#### Task item:
Look for "Strap" in each line of the entries, and return the matching lines.
---------- Records for processing
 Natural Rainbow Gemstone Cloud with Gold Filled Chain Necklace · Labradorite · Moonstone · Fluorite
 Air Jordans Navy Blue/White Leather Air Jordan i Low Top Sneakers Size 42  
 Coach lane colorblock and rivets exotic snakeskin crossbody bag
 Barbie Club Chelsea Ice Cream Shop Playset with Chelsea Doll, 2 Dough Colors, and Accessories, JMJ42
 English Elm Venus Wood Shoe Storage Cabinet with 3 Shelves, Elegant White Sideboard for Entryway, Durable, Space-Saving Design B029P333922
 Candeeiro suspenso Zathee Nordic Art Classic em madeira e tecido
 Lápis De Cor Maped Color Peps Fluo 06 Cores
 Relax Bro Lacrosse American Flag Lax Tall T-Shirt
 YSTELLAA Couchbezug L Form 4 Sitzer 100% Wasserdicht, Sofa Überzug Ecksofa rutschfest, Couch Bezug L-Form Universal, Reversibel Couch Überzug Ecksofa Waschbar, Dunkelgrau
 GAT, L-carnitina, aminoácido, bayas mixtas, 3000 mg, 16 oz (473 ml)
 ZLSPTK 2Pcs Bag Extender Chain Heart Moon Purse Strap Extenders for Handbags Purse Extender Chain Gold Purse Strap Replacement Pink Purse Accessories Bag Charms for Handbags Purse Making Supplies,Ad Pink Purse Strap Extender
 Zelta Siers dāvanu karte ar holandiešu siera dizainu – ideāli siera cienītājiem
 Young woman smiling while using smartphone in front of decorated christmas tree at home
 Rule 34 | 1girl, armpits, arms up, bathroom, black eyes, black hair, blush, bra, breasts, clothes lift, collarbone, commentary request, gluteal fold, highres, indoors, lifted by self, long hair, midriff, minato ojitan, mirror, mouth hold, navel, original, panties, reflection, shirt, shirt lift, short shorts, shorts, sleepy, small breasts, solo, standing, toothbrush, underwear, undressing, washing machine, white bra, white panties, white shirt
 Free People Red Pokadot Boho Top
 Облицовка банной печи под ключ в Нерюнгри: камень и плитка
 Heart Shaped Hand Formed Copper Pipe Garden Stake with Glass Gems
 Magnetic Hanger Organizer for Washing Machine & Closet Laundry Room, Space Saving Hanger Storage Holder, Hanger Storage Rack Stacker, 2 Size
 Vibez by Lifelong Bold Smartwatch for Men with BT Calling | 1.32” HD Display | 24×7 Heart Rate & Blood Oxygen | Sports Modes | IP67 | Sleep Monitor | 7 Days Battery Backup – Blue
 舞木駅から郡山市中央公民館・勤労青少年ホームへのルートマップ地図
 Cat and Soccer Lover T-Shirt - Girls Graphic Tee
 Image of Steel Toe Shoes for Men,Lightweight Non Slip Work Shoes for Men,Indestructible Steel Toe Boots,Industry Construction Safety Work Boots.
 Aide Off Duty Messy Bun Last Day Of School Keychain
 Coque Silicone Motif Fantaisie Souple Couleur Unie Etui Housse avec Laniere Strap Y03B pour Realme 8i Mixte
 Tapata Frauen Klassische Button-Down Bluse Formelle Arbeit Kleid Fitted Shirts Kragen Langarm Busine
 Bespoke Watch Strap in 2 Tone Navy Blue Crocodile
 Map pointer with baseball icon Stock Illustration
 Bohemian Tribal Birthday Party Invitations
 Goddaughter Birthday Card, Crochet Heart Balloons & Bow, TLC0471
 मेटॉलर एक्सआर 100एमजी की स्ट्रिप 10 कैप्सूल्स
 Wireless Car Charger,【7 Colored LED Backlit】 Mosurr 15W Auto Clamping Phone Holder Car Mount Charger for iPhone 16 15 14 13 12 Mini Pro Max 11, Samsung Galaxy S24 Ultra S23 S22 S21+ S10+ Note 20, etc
--------------------
#### Problem solution:
 ZLSPTK 2Pcs Bag Extender Chain Heart Moon Purse Strap Extenders for Handbags Purse Extender Chain Gold Purse Strap Replacement Pink Purse Accessories Bag Charms for Handbags Purse Making Supplies,Ad Pink Purse Strap Extender
 Coque Silicone Motif Fantaisie Souple Couleur Unie Etui Housse avec Laniere Strap Y03B pour Realme 8i Mixte
 Bespoke Watch Strap in 2 Tone Navy Blue Crocodile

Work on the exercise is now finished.